The following code would also be invalid for the same reason:

if math.random() ~= 0.1 then
   goto A
else
   goto B
end
local x=10
::A:: print('A', x); goto exit
local x=11
::B:: print('B', x); goto exit
::exit:: ;
Here you can get any output, not just "A 10", or "B 11", but as well "A 0", "A undefined", "A nil', "A (random string)", "B 10"... or even strange crashes caused by assertion checks made in the compiler about initialization states.

Like above, rejected by the compiler:

> do
>> if math.random() ~= 0.1 then
>> goto A
>> else
>> goto B
>> end
>> local x = 10
>> ::A:: print("A", x); goto exit
stdin:8: <goto A> at line 3 jumps into the scope of local 'x'
 
That's the major argument against "goto" which should absolutely never be used to jump to labels that are not in the current lexical scope: such use is clearly invalid (tolerated in C because local variables are allocated, but don't necessarily have to be initialized: their declaration is forward, they are "preallocated" on the stack but the initialization may have still not occured

Some C compilers enforce a initialization to binary zero for all local variables at entry of the function, even if there are later some initializers that may set (or reset) them explicitly and individually to 0.

But in Lua, this is not clear: does the compiler or interpreter have to initialize all variables in scope implicitly to zero? If so, the code above could print only "A 0" or "B 0", and explicit initializers (x=10 or x=11) would have no use, as they are not reachable, and could be safely discarded.

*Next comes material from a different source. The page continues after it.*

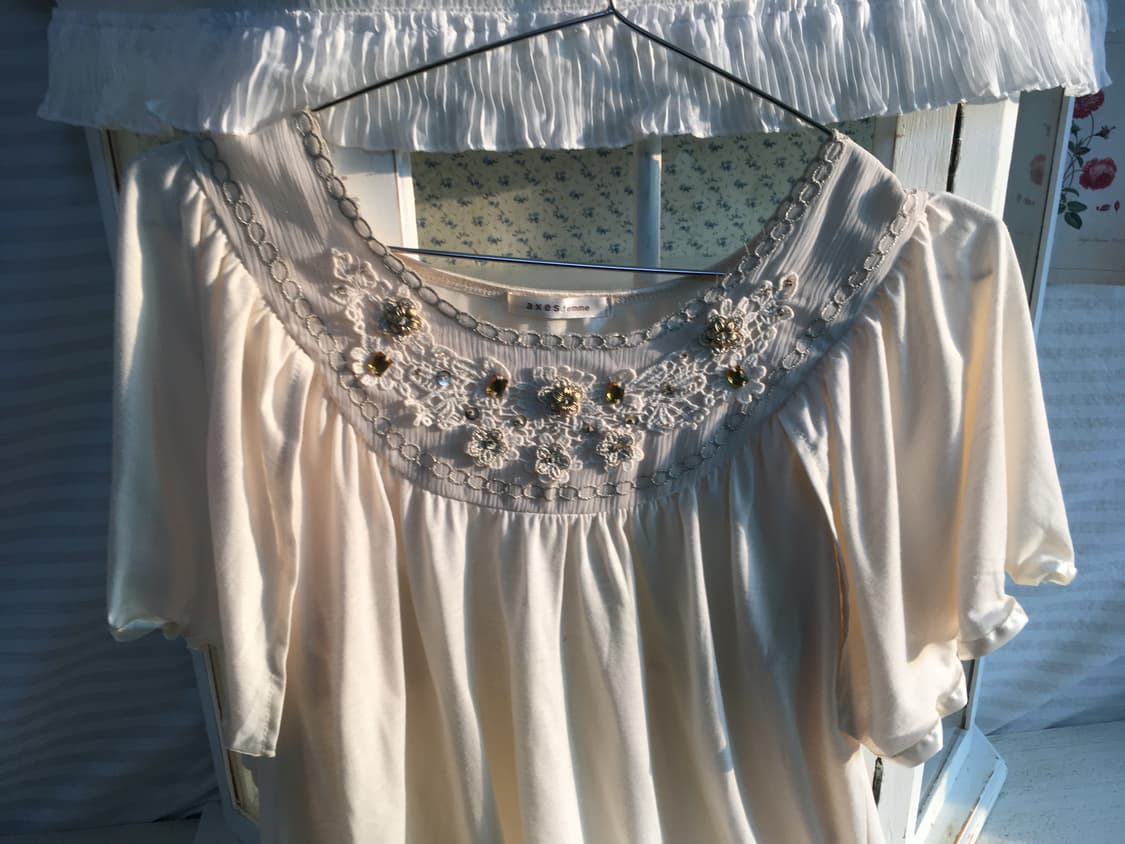 Axes femme 로걀 아이보리 볼레로 블라우스 상품이미지4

But variables in Lua are not necessarily numbers and are polymorphic (like also in _javascript_ where all uninitialized variables have a default initialization to "undefined", which is a singleton type).

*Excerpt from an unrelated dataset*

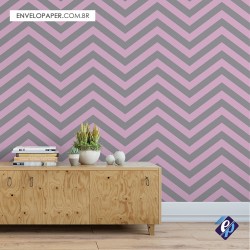 Papel de Parede Autoadesivo Chevron Rosa e Cinza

But Lua does not have a safe and well-defined singleton type for uninitialized variables, so we get unpredicatable results; and as a consequence, the "goto" statement is unsafe, it is ill-defined and this should be fixed (like in _javascript_)

There is nothing to fix and it is already well-defined, as stated above; the Lua compiler rejects gotos that jump into the scope of a local, and this rule is documented in the reference manual.

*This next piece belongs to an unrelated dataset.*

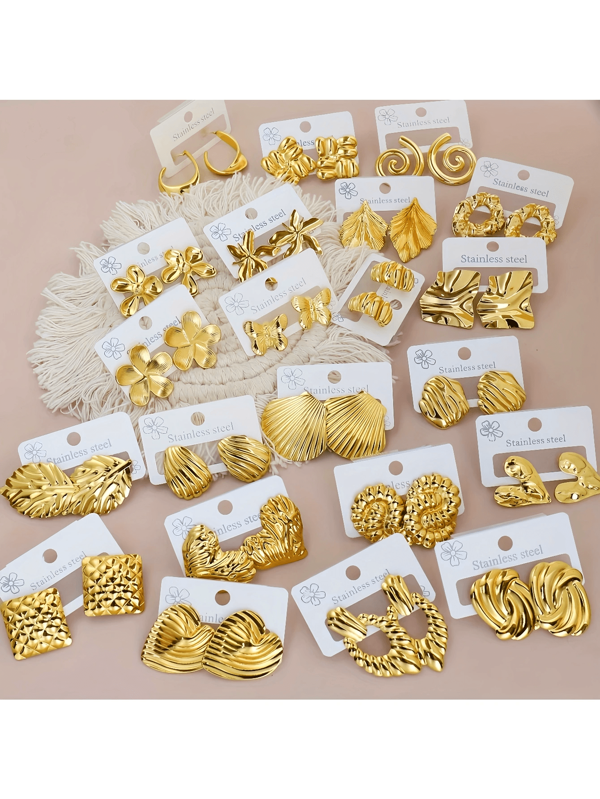 22 sets de pendientes de acero inoxidable, chapados en oro de 18K, joyería estilo simple de pendientes y colgantes, adecuados para usar a diario durante las cuatro estaciones, envío aleatorio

Additionally, it is also documented that goto cannot jump into a block since a label is not visible outside the block where it is defined, and this verifies when I try it:

Lua 5.4.3  Copyright (C) 1994-2021 Lua.org, PUC-Rio
> function invalidGoto()
>> goto target
>> do
>> print("unreachable")
>> ::target::
>> print("reachable if valid")
>> end
>> end
stdin:8: no visible label 'target' for <goto> at line 2
 
, maybe by explicitly stating that ALL uninitialized variables implicitly have the "nil" value, and making sure that the compiler or interpreter will allocate all variables in lexical scopes with that default value, independantly of all other initializers. Only under this condition, that "goto" statement can be safe and have predictable results, even if they jump outside from current lexical scopes.

To pre-initialize all uninitialized variables, and allow jumping into the scope of a local, the Lua compiler would have to fundamentally change. The current nature of it being a single-pass compiler, translating directly from source code to bytecode in a linear fashion, means that it can't go back and insert an initialization at the beginning of a function after several statements in that function have already been compiled. It would need to become a multi-pass compiler, translating source code to an AST or other intermediate representation and then from that to bytecode, with a pass over the intermediate representation to gather all local declarations into one place. Given that Lua is intentionally a minimalistic language that prides itself on being extremely small, I don't foresee this ever happening.